It roars to life again and illuminates the decayed insides of the cabin around me. The wooden
frame has long since rotted. The stone floor and sections of the wall are the only signs that this
was once a structure of some sort.
Muren, my Norwegian Elkhound, refuses to step through the threshold of these ruins,
insisting instead on patrolling the perimeter.

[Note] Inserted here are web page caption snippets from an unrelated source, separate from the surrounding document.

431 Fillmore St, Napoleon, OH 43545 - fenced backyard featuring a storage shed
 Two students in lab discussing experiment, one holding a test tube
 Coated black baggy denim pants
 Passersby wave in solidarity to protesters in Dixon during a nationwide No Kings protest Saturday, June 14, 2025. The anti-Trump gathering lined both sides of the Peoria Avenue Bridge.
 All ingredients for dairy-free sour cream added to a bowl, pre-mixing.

I lie back, using my sweatshirt as a pillow, and watch for hours as the flames dance like
springtime wildflowers until their petals wilt and fall and all burns to ash. The sun peeks over the
treetops and reaches through the canopy with pale fingers of morning light just as the last ember
dwindles.
Time to go home.
Birds chime in the new day like church bells, but I still feel heavy with the burdens of
yesterday. The walk back is a habit now, following the trail worn by my feet alone. This is a
thick part of the mountain, made thicker with countless stories and a dark reputation. Few dare
walk it.
Dad sits on the front porch sipping his coffee when I step out of the forest and into the
yard. He doesn’t look up from the ground as I come near, doesn’t shift or show any signs of
surprise or anger. “Get inside and get washed up. You’ve got an appointment with Dr. Hague
before school.”My parents think I’m crazy. Everyone thinks I’m crazy. It’s hard to blame them, though.
I kind of am.
***
The chemical stink of artificial lavender burns my sinuses. It’s meant to foster calm and
encourage me to share openly, but I can’t get the taste of it off my tongue.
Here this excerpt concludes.